Saturday, February 7, 2026

The General Theory at 90: The reconstruction of macroeconomics

On February 4, 1936, Maynard Keynes published The General Theory of Employment, Interest and Money (GT). I'm off by a few days. ROKE did notice it, but I had no time to post. I recently presented on the social policies discussed in the last chapter of the book at the ASSA Meetings in Philly (photo above; paper soon, hopefully).

Ninety years later, the book remains perhaps the single most important book in twentieth-century economics. The work that most decisively changed the direction of the discipline. And yet, much of what people think about the book is wrong.

The first thing to understand is that the GT is not a book about economic policy. Keynes says so explicitly at the outset. It is a theoretical work, written for fellow economists. It is not a blueprint for government spending programs. It is not a political manifesto. It is not a defense of deficit finance in simple terms. It is a theoretical reconstruction of how a monetary economy actually works.
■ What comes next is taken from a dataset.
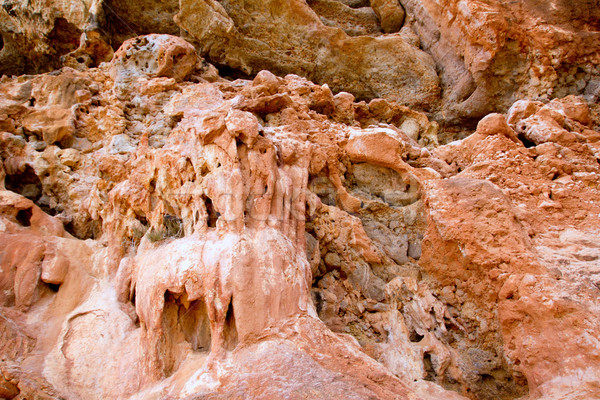 Cave outdoors in Majorca island with red stalactites Stock photo © lunamarina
The popular image of Keynes as the prophet of fiscal stimulus obscures this. Ironically, the book itself says very little about fiscal policy. There are some vague remarks about what Keynes calls the “socialization of investment,” but there is no systematic discussion of fiscal policy, for how to pursue expansionary fiscal policy or the construction of the welfare state, which is also often associated with Keynes. The policies we associate with Keynesianism, deficit spending, expansionary fiscal policy, tolerance for deficits and debt, at least in times of crisis, are not the core contribution of the book.

Another important historical irony, the GT arrived relatively late, both politically for the New Deal, but also in Keynes' own trajectory as a policy wonk. By 1936, Franklin Delano Roosevelt and the New Deal had already reshaped American politics. The Wagner Act had strengthened unions. The CIO was organizing industrial labor. Sit-down strikes in Detroit had forced General Motors to negotiate with the United Auto Workers. Figures like Frances Perkins, the first woman to hold a cabinet position, were central to labor reforms. Obviously Marriner Eccles (see my paper on him here), and his advisor Lauchlin (not Laughlin) Currie (and on him here) had not yet won the battle for fiscal activism, but they were entrenched in the New Deal environment. The shift toward a more interventionist state was already underway.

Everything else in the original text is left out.